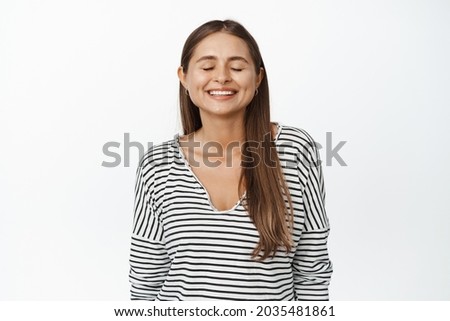 Young dreamy woman stands with closed eyes and happy smile, daydreaming, making wish or thinking of smth, standing against white background.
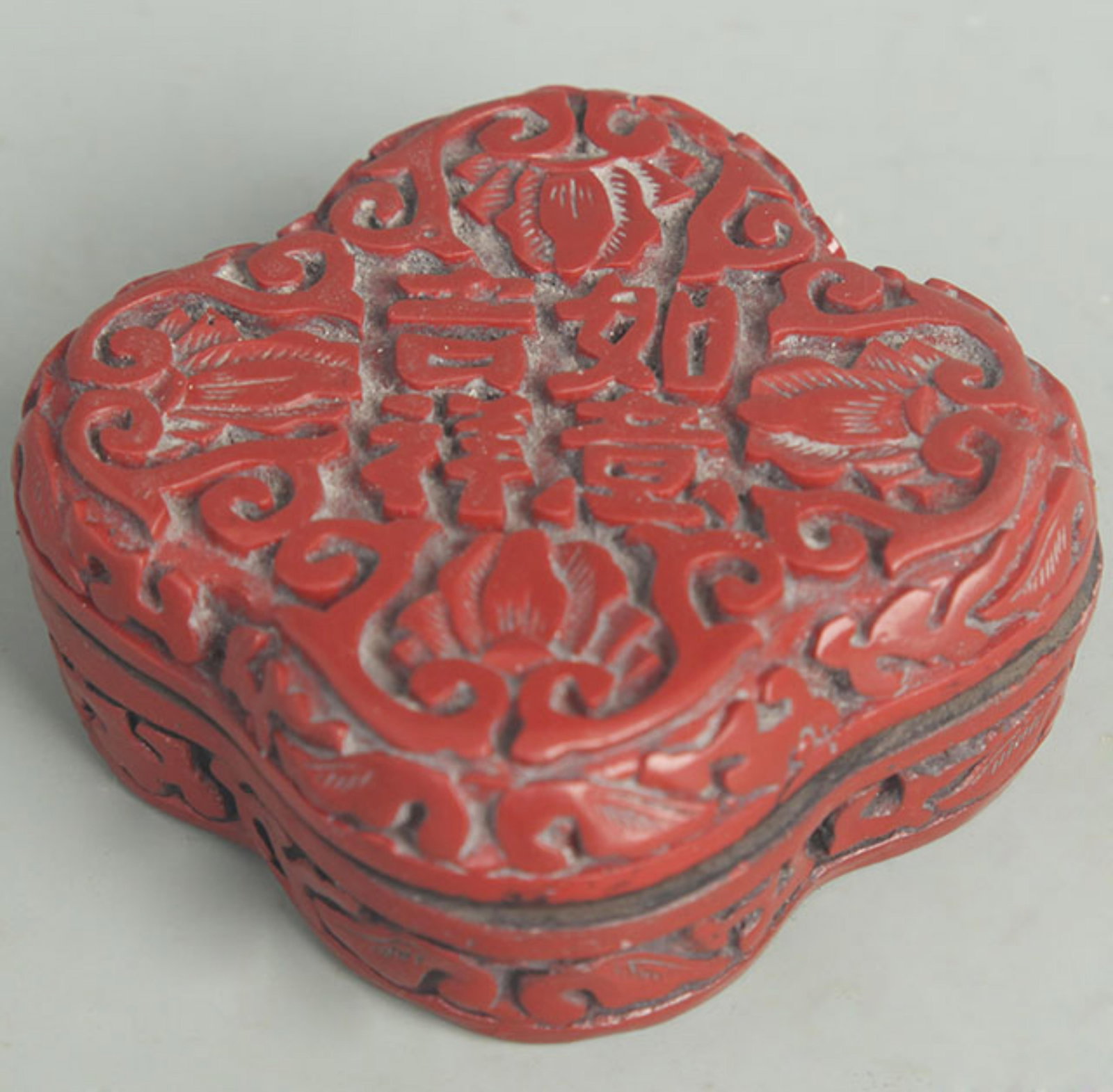 CARVED RED LACQUER EIGHT TREASURES PATTERN INCENSE BOX: Qing Dynasty; High: 1.00 inch Width: 2.50 inch . Wooden base for display only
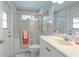 Bathroom featuring a glass-enclosed shower and single sink vanity at 6088 Sabal Hammock Cir, Port Orange, FL 32128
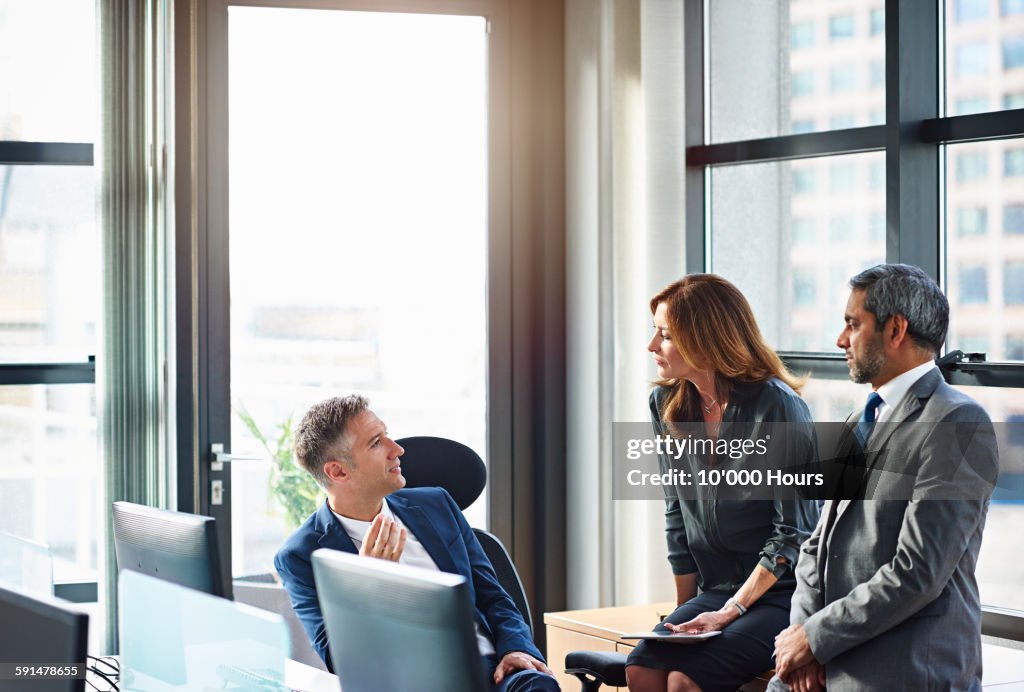 Business colleagues in informal meeting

----------------------------------------

(Problem to solve) Write out the material above exactly, and omit the pictures it holds.

(Solution to the exercise)
 Young dreamy woman stands with closed eyes and happy smile, daydreaming, making wish or thinking of smth, standing against white background.
 CARVED RED LACQUER EIGHT TREASURES PATTERN INCENSE BOX: Qing Dynasty; High: 1.00 inch Width: 2.50 inch . Wooden base for display only
 Bathroom featuring a glass-enclosed shower and single sink vanity at 6088 Sabal Hammock Cir, Port Orange, FL 32128
 Business colleagues in informal meeting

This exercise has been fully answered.